What to work on. In the records below, the lines between the one holding "Thumbnail: 2013 Chrysler Town & Country - 17" and the one holding "5-Burner gas Range", inclusive, are to be transcribed exactly; no pictures are to be included.
───── Records for this exercise
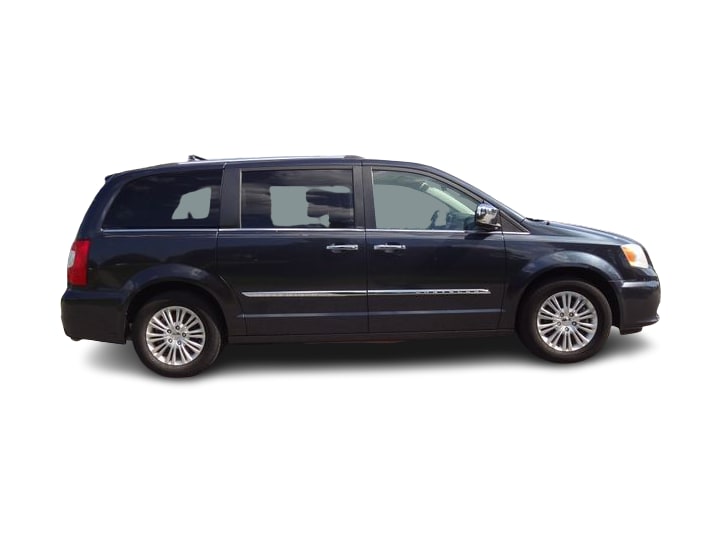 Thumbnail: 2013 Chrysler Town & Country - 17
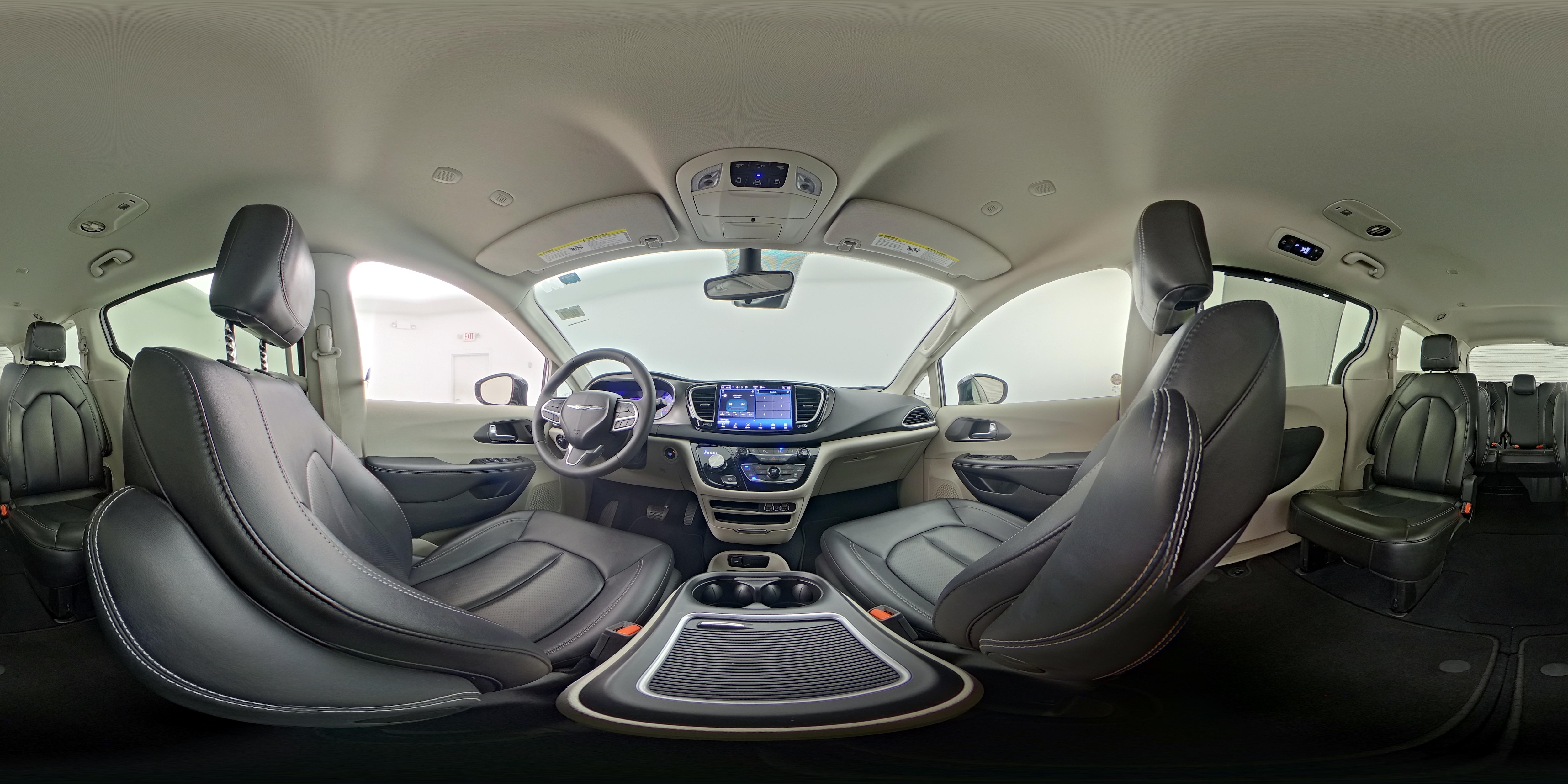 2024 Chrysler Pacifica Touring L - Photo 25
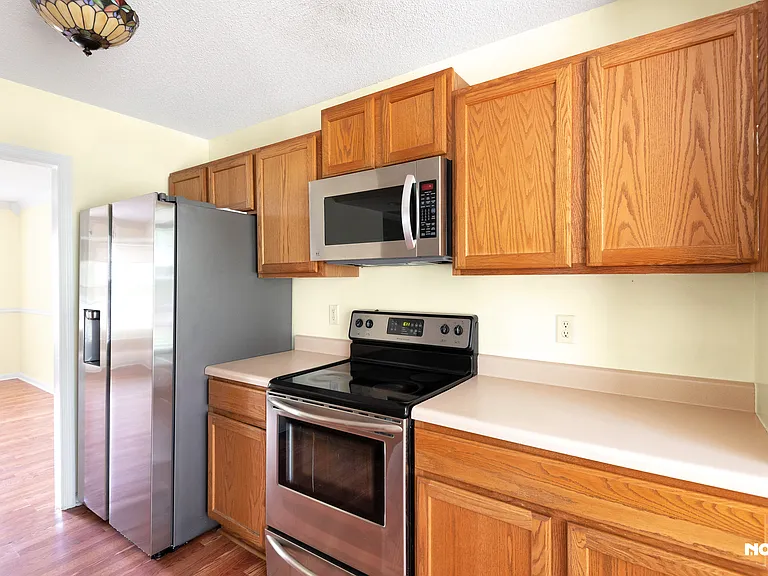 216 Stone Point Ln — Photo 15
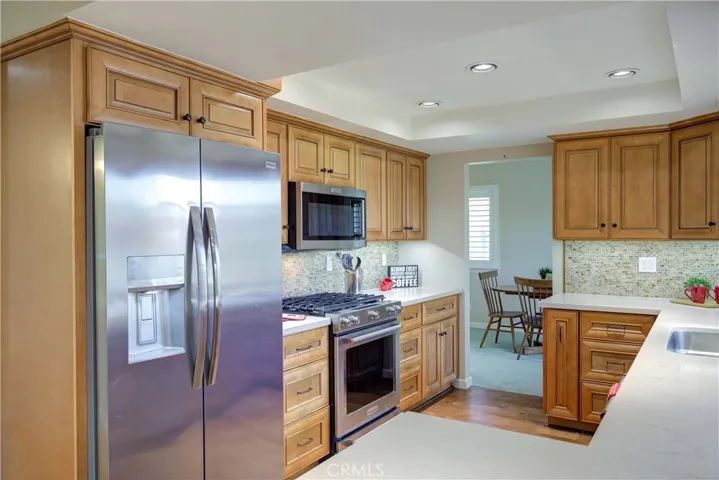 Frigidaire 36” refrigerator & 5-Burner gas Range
──────────
───── Records for this exercise
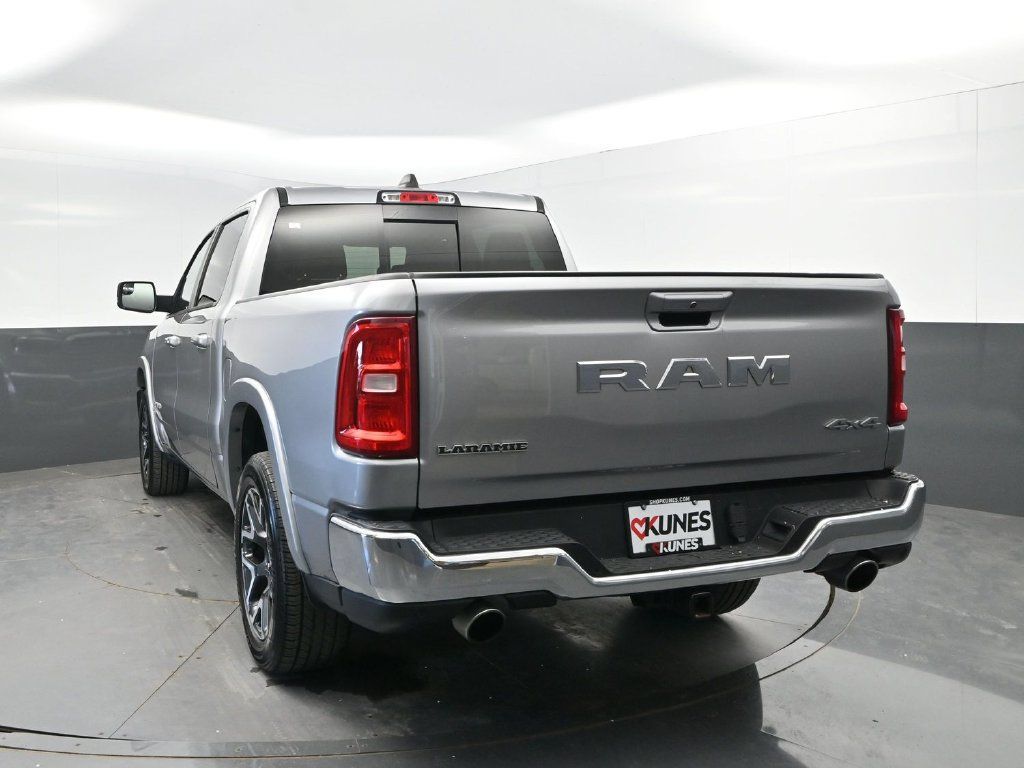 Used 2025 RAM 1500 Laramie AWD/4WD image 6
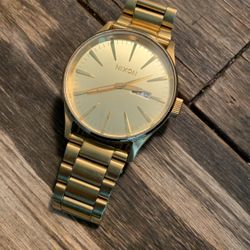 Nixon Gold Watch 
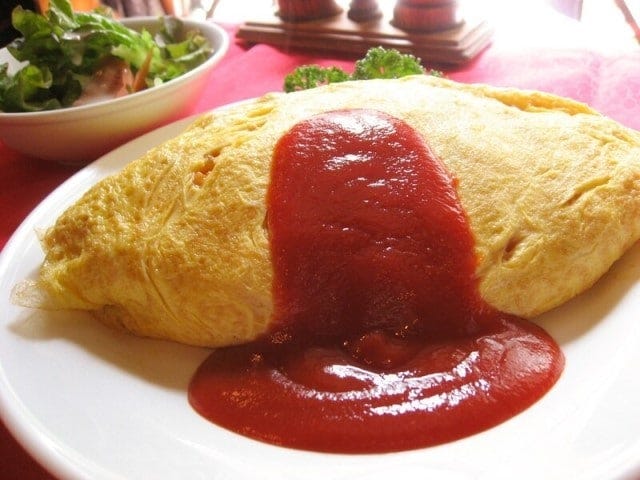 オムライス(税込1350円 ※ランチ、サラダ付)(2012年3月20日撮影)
──────────
───── Records for this exercise
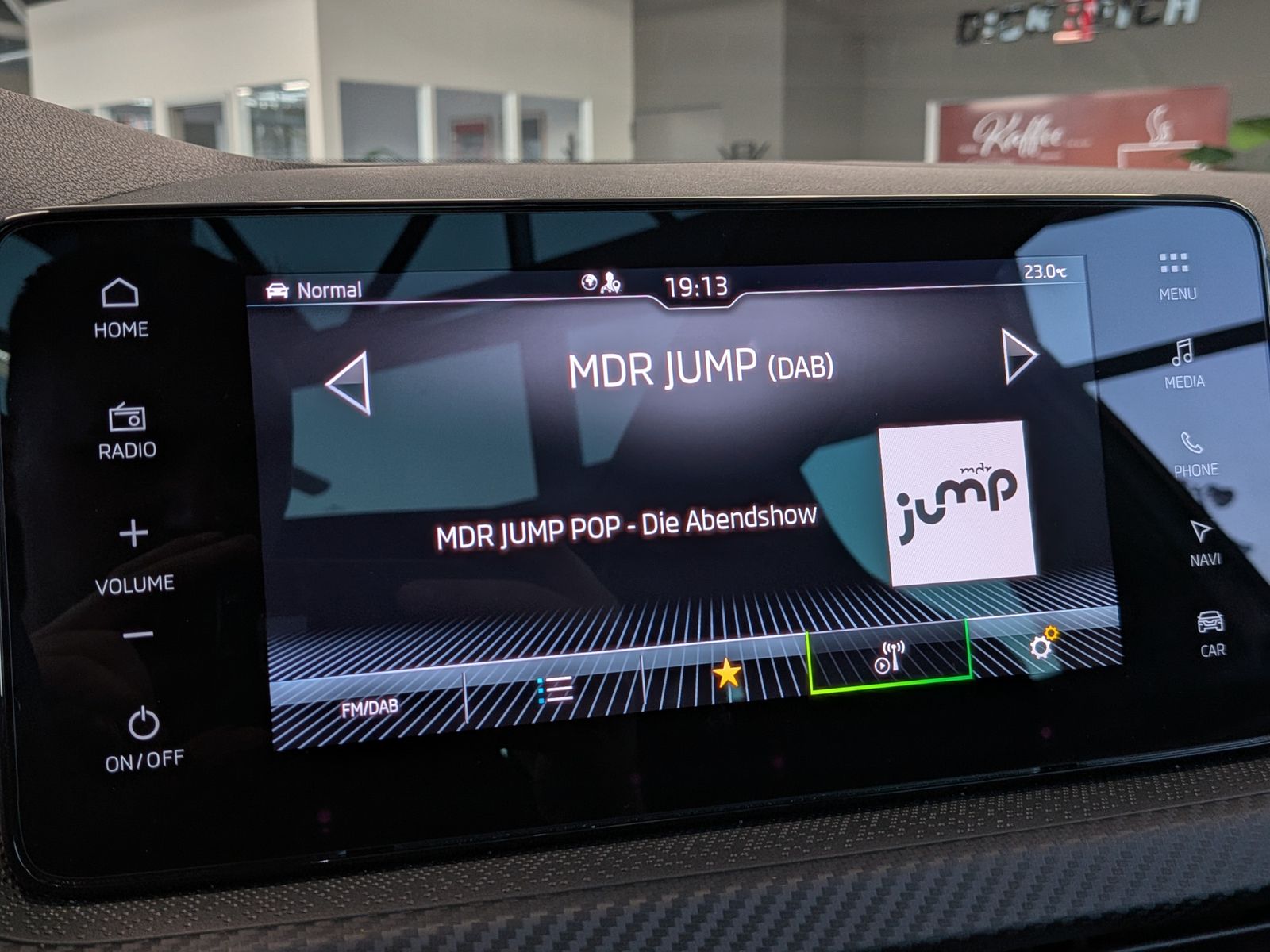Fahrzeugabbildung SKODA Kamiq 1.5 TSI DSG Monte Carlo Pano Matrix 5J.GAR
──────────
Output of the exercise.
 Thumbnail: 2013 Chrysler Town & Country - 17
 2024 Chrysler Pacifica Touring L - Photo 25
 216 Stone Point Ln — Photo 15
 Frigidaire 36” refrigerator & 5-Burner gas Range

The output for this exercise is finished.